For any of these genes to be regulated by an RRF-3-driven mechanism during spermatogenesis, one would expect that both their mRNAs and siRNAs would be expressed during spermatogenesis. We found 5.2-fold enrichment for the mountain 4 expression category and 4.6-fold enrichment for the spermatogenesis-enriched category in our list of 49 candidate RRF-3 target genes, indicating that a substantial fraction of RRF-3-regulated genes are expressed during spermatogenesis (Table 1; Figure 7B). We also used an siRNA alignment count from spermatogenic cells as a means of ranking the candidate gene list in terms of the likelihood of spermatogenesis gene regulation. As before, we split the list into two categories using a spermatogenesis siRNA alignment count of 3 as the threshold, resulting in 21 genes with spermatogenesis siRNAs and 28 without (Table 1). These 21 genes with spermatogenesis siRNAs and dependency on RRF-3 represent a sample of candidate RRF-3 regulatory targets during spermatogenesis. An important result of this analysis was that RRF-3 had little or no effect on gene-specific siRNA counts for the majority of the 4723 genes with spermatogenesis siRNAs (Figure 8): <4% of the genes had reproducible, greater-than-twofold decreases in siRNA levels in rrf-3(pk1426) relative to control him-8(e1489) males (69 of 1784 genes; to exclude background noise from genes with low siRNA alignment counts, only genes with counts of at least 25 in both sets of control males were included). This result is consistent with the existence of many other RNAi-related factors with substantial germline phenotypes (Cox et al. 1998; Smardon et al. 2000; Knight and Bass 2001; Tops et al. 2005; Chen et al. 2007).

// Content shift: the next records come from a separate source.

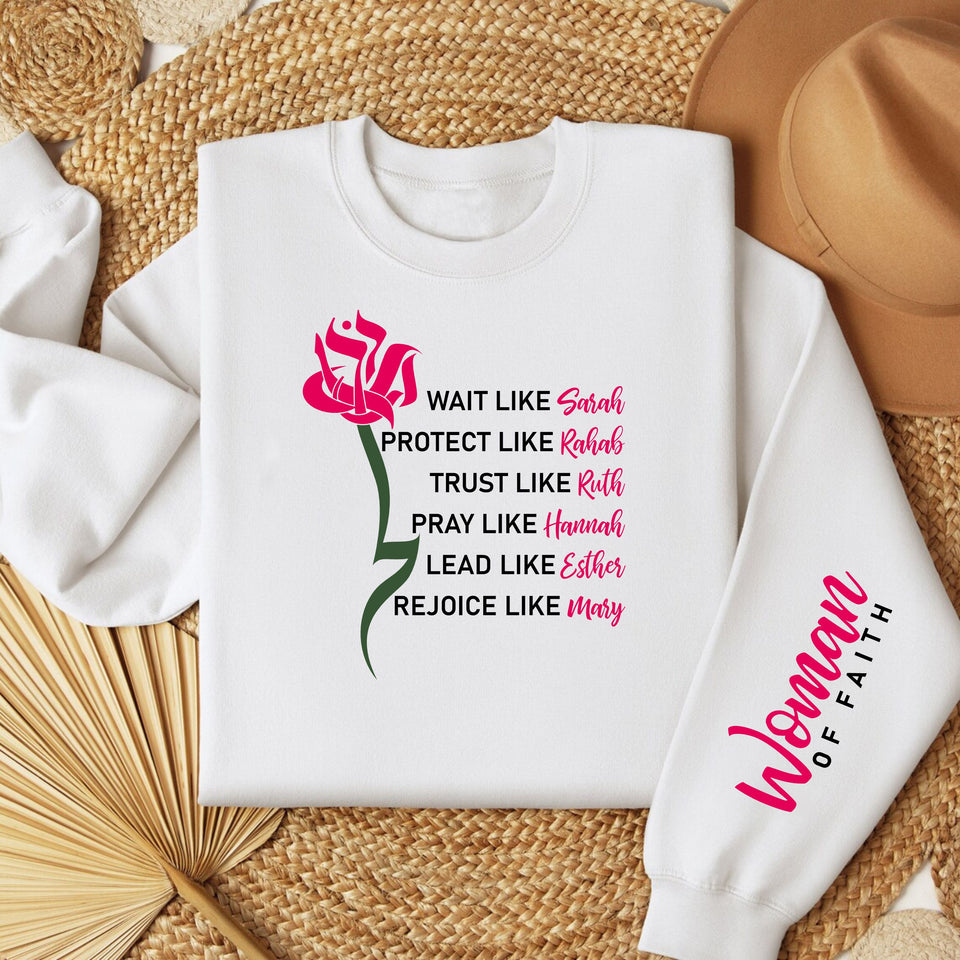Woman of The Bible Women's Fleece Crewneck Sweatshirt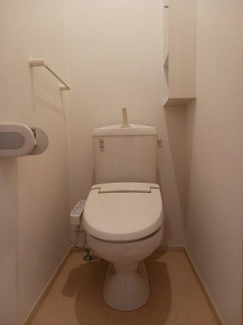 落ち着いた色調のトイレです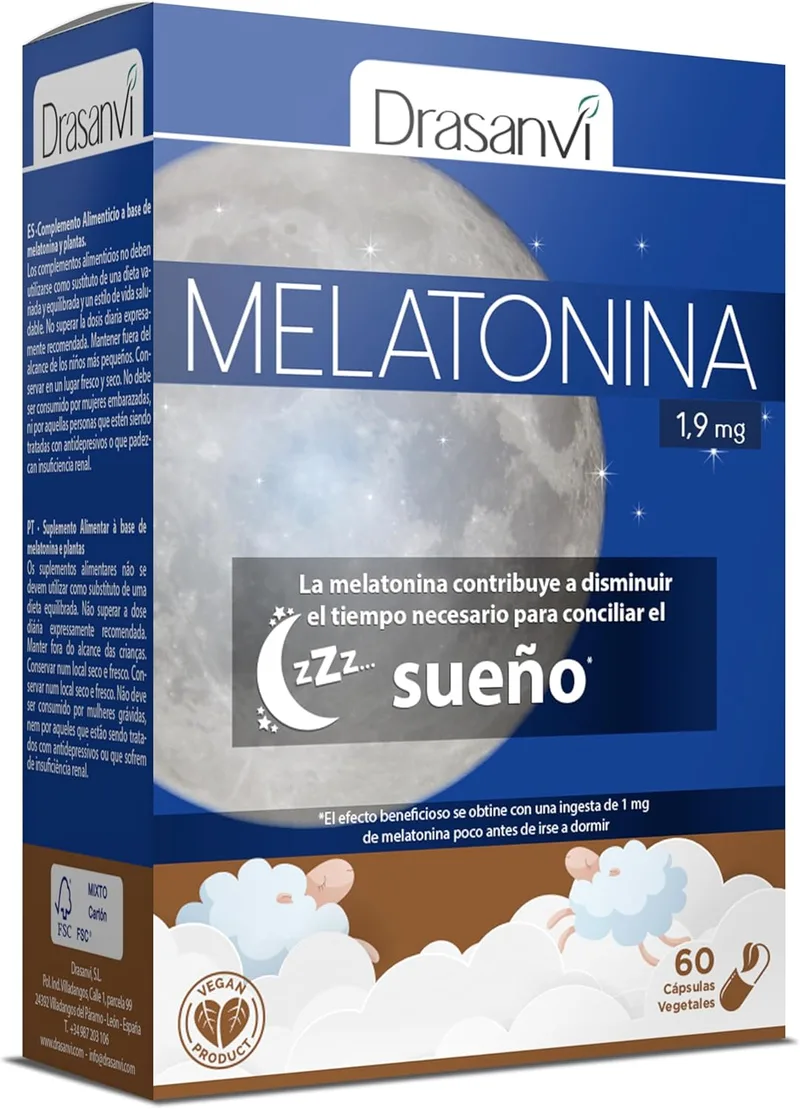 Drasanvi ▫️ MELATONINA 60 CÁPSULAS 1,9 MG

In addition to mRNA-encoding genes, we examined small RNAs corresponding to a large number of repeated and/or transposable elements (http://www.sanger.ac.uk/Projects/C_elegans/REPEATS/elegans.lib). From this analysis we found that many transposons, especially Helitron (264 siRNAs aligned to a HELICOP1 sequence) and Tc1/mariner transposons (87 siRNAs aligned to a Tc1 sequence), were associated with high siRNA alignment counts from the spermatogenic cell sample. We did not find any transposons that required RRF-3 by the criteria of a threefold reduction in siRNA alignment count and a P-value of <0.005 between mutant and control from both sets of samples. Intriguingly, we found three cases in which siRNAs corresponding to a transposon were significantly more abundant in rrf-3 mutants: CELE1, LINE2, and TURMOIL2. Of these, only TURMOIL2 had siRNAs present in the spermatogenic cell sample. The increased siRNAs from these transposons could reflect an activation of RNAi-like processes as has previously been observed in exogenous RNAi and transgene silencing (Sijen et al. 2001; Simmer et al. 2002).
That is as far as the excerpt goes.